Your assignment:
In the data below, find every line with the word "Bedroom" and copy it out.

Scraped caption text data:
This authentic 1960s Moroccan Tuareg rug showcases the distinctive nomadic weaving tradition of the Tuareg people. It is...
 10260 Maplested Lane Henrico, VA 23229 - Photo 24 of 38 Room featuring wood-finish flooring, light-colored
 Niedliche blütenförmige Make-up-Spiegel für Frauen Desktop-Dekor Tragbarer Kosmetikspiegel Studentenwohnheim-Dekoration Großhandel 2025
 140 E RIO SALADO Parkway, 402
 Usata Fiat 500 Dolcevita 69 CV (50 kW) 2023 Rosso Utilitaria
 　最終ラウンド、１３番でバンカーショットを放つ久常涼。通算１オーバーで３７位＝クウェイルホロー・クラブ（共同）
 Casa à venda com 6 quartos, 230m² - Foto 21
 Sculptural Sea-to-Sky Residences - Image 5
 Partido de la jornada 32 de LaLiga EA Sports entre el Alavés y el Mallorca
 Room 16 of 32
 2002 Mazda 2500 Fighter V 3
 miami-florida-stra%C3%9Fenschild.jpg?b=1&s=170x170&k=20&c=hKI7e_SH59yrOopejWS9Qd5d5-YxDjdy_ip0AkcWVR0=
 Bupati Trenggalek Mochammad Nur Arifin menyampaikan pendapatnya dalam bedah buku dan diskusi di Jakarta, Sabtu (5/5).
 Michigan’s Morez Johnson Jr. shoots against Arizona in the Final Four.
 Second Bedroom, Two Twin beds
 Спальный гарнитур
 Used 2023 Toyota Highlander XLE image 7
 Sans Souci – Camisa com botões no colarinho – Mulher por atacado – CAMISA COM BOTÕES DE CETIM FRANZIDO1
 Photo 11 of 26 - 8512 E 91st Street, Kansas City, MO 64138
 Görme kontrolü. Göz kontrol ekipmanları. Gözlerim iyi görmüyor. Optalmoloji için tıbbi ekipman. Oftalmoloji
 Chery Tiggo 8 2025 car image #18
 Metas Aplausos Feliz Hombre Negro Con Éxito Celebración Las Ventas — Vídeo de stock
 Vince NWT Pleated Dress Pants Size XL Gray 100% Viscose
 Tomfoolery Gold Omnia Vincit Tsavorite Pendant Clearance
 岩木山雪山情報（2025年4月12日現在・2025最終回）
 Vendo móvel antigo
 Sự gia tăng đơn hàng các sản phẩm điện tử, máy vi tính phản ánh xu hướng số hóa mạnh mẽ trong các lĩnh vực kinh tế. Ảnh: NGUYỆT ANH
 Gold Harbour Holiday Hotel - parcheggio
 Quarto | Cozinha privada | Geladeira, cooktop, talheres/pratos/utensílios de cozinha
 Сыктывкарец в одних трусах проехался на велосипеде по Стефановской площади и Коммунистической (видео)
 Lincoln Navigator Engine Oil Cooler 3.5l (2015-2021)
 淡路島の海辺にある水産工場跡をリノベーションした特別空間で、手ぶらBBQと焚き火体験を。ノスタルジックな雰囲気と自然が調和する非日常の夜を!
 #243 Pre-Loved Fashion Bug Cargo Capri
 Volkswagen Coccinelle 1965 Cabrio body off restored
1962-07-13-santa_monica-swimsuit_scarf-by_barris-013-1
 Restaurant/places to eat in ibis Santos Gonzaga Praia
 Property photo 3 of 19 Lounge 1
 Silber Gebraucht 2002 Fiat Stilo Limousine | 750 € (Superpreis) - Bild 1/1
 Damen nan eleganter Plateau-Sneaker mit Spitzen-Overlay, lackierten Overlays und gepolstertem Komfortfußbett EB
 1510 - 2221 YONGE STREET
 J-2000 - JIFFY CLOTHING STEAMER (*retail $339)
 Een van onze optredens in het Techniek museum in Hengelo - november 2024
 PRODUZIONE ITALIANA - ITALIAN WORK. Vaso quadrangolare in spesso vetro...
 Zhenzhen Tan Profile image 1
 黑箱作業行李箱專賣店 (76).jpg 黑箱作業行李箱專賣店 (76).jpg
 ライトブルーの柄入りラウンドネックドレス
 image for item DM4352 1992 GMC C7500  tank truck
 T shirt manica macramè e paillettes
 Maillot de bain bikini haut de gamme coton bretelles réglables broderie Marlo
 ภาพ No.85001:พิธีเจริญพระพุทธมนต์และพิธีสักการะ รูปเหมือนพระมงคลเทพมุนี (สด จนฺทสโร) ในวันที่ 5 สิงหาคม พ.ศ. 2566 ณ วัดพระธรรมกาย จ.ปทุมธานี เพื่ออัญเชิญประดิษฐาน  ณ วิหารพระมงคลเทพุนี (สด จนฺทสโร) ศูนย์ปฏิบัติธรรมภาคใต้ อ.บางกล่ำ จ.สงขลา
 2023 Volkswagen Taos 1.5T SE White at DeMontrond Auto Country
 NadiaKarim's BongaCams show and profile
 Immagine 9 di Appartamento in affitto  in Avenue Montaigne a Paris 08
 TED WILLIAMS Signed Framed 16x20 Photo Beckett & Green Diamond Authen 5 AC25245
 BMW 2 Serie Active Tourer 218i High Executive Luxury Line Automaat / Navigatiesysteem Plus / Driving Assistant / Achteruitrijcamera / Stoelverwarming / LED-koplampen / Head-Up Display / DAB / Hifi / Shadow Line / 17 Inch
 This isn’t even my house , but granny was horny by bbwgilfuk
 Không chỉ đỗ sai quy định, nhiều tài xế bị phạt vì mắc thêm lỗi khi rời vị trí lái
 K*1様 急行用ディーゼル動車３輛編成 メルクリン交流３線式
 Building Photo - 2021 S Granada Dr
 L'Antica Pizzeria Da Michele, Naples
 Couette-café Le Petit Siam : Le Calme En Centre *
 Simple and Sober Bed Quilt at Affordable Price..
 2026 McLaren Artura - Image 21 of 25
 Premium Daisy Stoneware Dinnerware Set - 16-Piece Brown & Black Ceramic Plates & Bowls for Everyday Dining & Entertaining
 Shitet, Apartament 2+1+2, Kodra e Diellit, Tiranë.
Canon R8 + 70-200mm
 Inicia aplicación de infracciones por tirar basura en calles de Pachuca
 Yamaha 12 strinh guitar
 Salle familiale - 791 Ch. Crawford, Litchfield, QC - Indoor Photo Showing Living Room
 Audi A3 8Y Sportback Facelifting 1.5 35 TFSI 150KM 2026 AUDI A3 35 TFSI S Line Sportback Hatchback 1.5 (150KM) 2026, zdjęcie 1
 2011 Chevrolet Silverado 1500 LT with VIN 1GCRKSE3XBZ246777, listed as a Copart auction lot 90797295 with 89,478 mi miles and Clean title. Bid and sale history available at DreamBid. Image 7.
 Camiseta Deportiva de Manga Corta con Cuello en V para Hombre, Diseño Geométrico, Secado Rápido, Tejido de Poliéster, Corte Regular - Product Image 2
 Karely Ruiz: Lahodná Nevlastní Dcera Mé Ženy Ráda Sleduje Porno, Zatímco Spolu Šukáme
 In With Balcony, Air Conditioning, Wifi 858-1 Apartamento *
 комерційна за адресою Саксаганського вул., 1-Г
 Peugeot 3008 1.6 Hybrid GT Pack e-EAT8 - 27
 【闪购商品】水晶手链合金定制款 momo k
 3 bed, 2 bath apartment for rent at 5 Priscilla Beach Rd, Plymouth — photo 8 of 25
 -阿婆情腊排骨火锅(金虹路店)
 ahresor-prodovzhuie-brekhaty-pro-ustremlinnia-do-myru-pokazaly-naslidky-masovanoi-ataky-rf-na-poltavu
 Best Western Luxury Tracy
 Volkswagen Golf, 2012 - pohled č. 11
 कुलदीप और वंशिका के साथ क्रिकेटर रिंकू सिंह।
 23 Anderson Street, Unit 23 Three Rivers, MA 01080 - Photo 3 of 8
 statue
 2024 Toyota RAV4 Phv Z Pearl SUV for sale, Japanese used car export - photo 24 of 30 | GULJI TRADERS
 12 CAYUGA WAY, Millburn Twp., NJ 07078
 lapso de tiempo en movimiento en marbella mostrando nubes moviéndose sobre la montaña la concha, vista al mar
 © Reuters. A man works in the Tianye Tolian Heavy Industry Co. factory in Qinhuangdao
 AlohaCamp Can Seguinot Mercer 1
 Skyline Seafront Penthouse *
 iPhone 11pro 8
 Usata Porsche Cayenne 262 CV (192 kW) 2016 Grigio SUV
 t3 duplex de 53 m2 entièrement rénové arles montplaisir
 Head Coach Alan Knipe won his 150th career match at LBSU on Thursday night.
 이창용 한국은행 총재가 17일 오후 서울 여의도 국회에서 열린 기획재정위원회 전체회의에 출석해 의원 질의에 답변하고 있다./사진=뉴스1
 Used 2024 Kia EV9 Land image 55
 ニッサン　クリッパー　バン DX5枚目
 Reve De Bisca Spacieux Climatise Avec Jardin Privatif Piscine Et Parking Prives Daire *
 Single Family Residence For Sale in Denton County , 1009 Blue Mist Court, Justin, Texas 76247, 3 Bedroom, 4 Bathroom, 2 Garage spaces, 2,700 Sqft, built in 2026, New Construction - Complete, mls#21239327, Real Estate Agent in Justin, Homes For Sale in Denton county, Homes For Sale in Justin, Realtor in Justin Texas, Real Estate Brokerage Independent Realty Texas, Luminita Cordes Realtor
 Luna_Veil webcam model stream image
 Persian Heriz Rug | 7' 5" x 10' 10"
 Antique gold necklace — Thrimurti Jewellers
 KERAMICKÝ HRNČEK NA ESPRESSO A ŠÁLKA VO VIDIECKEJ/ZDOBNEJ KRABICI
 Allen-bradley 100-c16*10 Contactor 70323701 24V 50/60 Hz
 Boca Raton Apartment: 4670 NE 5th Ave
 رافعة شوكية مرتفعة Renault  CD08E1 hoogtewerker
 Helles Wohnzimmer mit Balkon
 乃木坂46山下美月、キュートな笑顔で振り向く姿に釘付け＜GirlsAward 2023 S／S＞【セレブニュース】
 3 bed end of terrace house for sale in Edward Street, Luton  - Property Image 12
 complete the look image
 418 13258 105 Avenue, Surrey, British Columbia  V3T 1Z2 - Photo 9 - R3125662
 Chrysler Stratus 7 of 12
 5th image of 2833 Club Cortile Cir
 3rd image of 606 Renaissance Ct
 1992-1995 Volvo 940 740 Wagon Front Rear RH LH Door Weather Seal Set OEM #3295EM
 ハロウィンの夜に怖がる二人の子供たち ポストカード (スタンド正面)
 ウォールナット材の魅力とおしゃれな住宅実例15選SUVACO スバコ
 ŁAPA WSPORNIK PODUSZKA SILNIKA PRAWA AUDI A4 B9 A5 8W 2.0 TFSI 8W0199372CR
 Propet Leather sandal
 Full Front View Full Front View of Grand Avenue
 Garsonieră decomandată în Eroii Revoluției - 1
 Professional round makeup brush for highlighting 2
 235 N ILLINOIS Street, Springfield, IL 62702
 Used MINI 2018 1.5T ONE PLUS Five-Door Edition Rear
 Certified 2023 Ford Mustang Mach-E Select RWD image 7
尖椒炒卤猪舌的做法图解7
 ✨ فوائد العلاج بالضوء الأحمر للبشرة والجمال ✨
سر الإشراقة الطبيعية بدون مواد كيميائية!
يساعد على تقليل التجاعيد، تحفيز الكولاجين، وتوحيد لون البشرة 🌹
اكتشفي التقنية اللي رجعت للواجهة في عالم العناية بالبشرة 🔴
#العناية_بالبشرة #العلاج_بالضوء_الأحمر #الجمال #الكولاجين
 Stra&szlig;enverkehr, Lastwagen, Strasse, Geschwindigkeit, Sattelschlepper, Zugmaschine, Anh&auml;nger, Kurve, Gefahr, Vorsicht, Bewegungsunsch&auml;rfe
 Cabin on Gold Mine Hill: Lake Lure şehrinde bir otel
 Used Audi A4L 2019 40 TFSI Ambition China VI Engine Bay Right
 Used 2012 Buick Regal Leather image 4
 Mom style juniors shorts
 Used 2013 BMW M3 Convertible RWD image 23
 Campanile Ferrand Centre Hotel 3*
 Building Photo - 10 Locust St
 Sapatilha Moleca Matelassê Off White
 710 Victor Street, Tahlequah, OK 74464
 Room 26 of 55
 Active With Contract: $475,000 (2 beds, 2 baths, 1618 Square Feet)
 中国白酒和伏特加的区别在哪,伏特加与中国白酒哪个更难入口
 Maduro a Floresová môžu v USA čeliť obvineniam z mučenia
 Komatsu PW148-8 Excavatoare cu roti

Exercise output:
 Second Bedroom, Two Twin beds
 Single Family Residence For Sale in Denton County , 1009 Blue Mist Court, Justin, Texas 76247, 3 Bedroom, 4 Bathroom, 2 Garage spaces, 2,700 Sqft, built in 2026, New Construction - Complete, mls#21239327, Real Estate Agent in Justin, Homes For Sale in Denton county, Homes For Sale in Justin, Realtor in Justin Texas, Real Estate Brokerage Independent Realty Texas, Luminita Cordes Realtor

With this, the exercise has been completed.